Choosing to present Mozart’s The Marriage of Figaro in a modern setting, director Nicholas Cannon says (in his program notes) that its central themes of “classism, sexism and misogyny are just as relevant more than two hundred years later”.

Pelham Andrews, Cherie Boogaart, Jeremy Kleeman and Jessica Dean in The Marriage of Figaro. Photo © Andrew Beveridge

It is harder to follow his notion that Figaro reflects the problems within our own political system, though once pointed out, Ailsa Paterson’s set design can be seen as reflective of Canberra’s architecture, particularly in Act II (despite this being the most traditional of the production’s sets with its high windows and stately central chandeliers).

The opening set, Coburn-influenced floor patterns aside, could be any modern office, complete with dumpster bin, photocopier and filing cabinets – and yet it also contains a fold-down couch central to the first acts actions between Susanna and her husband-to-be, Figaro.

All male members of the cast are dressed in a variety of suits, as does Susanna herself. And yet Mozart and Da Ponte remain intact though their source, Beaumarchais’ play, as well as the libretto, loses the element of danger in its reversals of roles and ensuing subterfuge.

State Opera South Australia’s The Marriage of Figaro. Photo © Andrew Beveridge

Musically this is a very fine production delivered with a fleetness and chamber orchestra-like clarity by the always dependable Adelaide Symphony Orchestra under conductor Tobias Ringborg, who directs from the fortepiano.

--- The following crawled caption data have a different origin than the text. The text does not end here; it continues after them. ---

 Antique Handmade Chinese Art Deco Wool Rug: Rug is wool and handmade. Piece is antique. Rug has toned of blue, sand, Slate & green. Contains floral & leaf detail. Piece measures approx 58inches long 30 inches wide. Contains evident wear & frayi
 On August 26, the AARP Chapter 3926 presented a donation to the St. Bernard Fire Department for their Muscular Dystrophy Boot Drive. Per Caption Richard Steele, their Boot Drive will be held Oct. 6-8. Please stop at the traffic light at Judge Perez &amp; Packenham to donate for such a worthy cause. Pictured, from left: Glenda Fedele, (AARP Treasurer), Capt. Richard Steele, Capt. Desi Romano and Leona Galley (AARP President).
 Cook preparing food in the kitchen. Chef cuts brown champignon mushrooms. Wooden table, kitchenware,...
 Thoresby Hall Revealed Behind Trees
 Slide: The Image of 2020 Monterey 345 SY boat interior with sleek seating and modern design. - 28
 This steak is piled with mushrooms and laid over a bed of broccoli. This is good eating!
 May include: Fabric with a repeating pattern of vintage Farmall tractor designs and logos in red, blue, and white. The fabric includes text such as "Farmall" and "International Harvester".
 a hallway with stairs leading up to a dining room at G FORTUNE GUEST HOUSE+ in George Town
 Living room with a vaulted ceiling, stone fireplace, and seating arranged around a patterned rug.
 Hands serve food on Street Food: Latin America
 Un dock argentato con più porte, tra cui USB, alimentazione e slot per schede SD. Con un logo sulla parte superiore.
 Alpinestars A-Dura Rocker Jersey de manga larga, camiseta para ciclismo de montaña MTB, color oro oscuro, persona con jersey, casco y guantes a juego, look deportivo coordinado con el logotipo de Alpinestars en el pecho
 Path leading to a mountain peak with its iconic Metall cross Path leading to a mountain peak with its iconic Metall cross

Instrumental lines, particularly Mozart’s often giddy counterpoint, are well balanced throughout and Anthony Hunt’s chorus sings with a true sense of joy.

The cast is well selected, with Susanna delightfully played by Jessica Dean. While she may not be a minx, she displays cunning and keen intelligence, providing the perfect foil for Petah Cavallaro’s Countess. Emily Edmonds is an impish Cherubino. Cherie Boogaart’s vampish Marcellina and the plotting Bartolo are perfect.

The strongest of all in terms of stage presence and vocal power are the two principal male protagonists. Nicholas Lester is excellent as the continually scheming Count Almaviva, who never lets is his sense of position and elegance slide, while taking advantage of the old fashioned droit de seigneur with his female charges. Jeremy Kleeman’s Figaro, the Count’s aide and underling, is quick witted and cunning.

Overall, the presentation pulsates with life and joie de vivre. There is a youthful playfulness to this production with its well balanced and enthusiastic cast and musicians.

The only thing which it ay lacks is a sense of subversion, wherein the likes of Figaro, Cherubino and Susanna are seen to be dismantling the privileges of an almost feudal system – just as the French Revolution would a few years after Mozart delivered his controversial setting of what was an equally controversial play.

State Opera South Australia presents The Marriage of Figaro at Her Majesty’s Theatre, Adelaide until 25 November.